A startling discovery to come out of the Human Genome Project is that ninety-eight percent of our genome does not code for proteins, rather, much of it produces non-coding RNA.  Intensive research over the past decade has revealed that ncRNAs have critical roles in the regulation of nearly all biological processes. 

One category of ncRNA that is of initial interest to Twentyeight-Seven is microRNA.  miRNAs are short ncRNAs that inhibit target gene expression, and play causative roles in cancer.  The miRNA let-7 is a tumor suppressor that inhibits expression of key oncogenes, and is down-regulated in many different cancer types.

let-7 is generated by a process that involves the initial cleavage of its primary miRNA transcript (pri-let-7) to generate pre-let-7, followed by processing of pre-let-7 into mature let-7.  In cancer cells, the biogenesis of let-7 is blocked by LIN28A and LIN28B, RNA-binding proteins that have been shown to be  oncogenes.

LIN28B acts in the nucleus to sequester pri-let-7 and prevent its further processing, while LIN28A acts in the cytoplasm to present pre-let-7 to Zcchc11, a 3’-terminal uridyltransferase (TUTase) that poly-uridylates pre-let-7.  poly-uridylated pre-let-7 is then degraded by an exonuclease.

 

DRUG DISCOVERY AT TWENTYEIGHT-SEVEN

Our first oncology program comprises a multi-pronged approach to increase let-7 levels in cancer cells.  We will first focus on the identification of LIN28A antagonists and Zcchc11 inhibitors, and then follow-on with the identification of LIN28B antagonists.

LIN28A Antagonists  We have developed a biochemical assay that measures the association of LIN28A and pre-let-7.   This assay was used to screen a large, proprietary library of drug-like molecules.  A number of compounds were identified in this screen, thus demonstrating the feasibility of antagonizing the interaction between LIN28A and pre-let-7 with a small molecule.   These compounds were carefully evaluated to confirm MOA and have become the basis of a medicinal chemistry program.

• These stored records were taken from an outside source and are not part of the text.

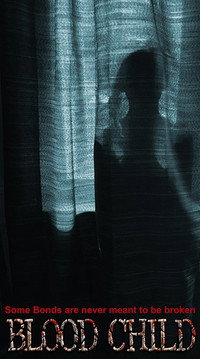 Постер фильма «Дитя крови (2017)» — (2 из 5)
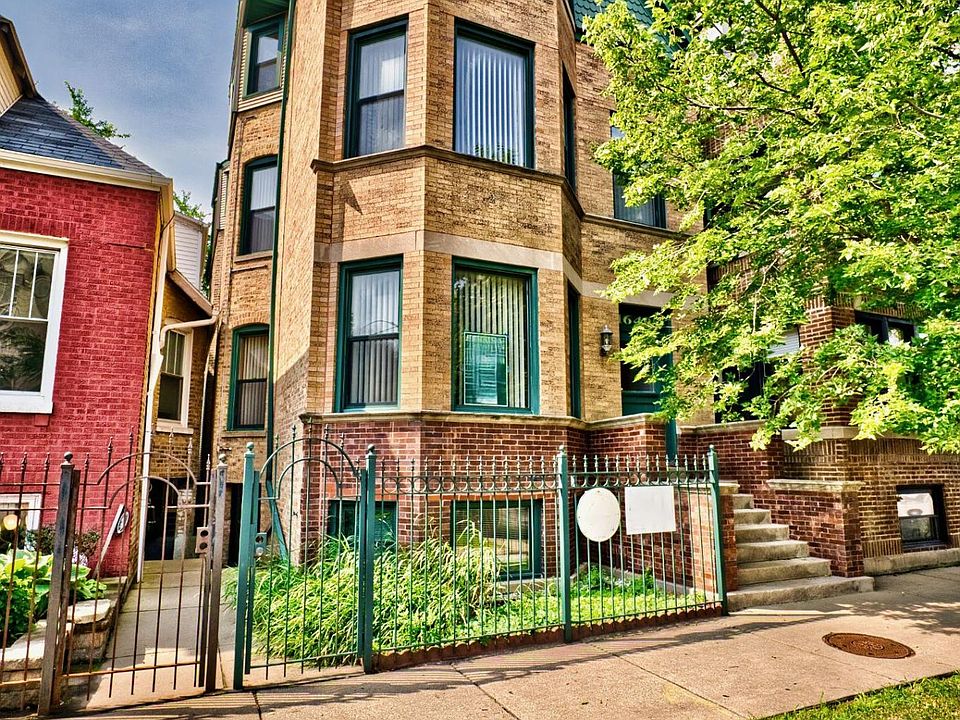 1st image of 1649 W Foster Ave #1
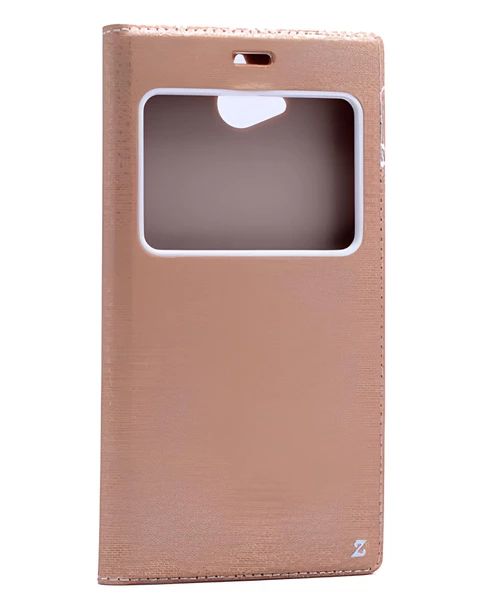 Casper Via A1 Kılıf Dolce Kapaklı Kılıf - 9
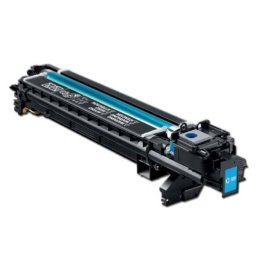 Konica Minolta A7330KH - eredeti optikai egység, cyan (azúrkék)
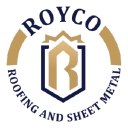 RoyCo Roofing logo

Zcchc11/TUTase Inhibitors  We also developed a proprietary enzymatic assay to measure the LIN28A-dependent poly-uridylation of pre-let-7 by Zcchc11.  There is little information in the literature characterizing this novel class of enzymes, or precise assays for its activity.    A high-throughput screen was run using this assay.  Several inhibitors were identified and are now being evaluated.

LIN28B Antagonists  The starting point for this program is the collection of LIN28A antagonists that were identified in the HTS.  Several of these molecules have now been shown to antagonize LIN28B.

 

PLATFORM AND FUTURE PROJECTS

Twentyeight-Seven’s expertise in RNA biochemistry, enzymology, and cell biology, and our growing library of LIN28A antagonists and TUTase inhibitors will be leveraged to create additional programs aimed at RNA binding proteins and processing enzymes that play critical roles in human disease.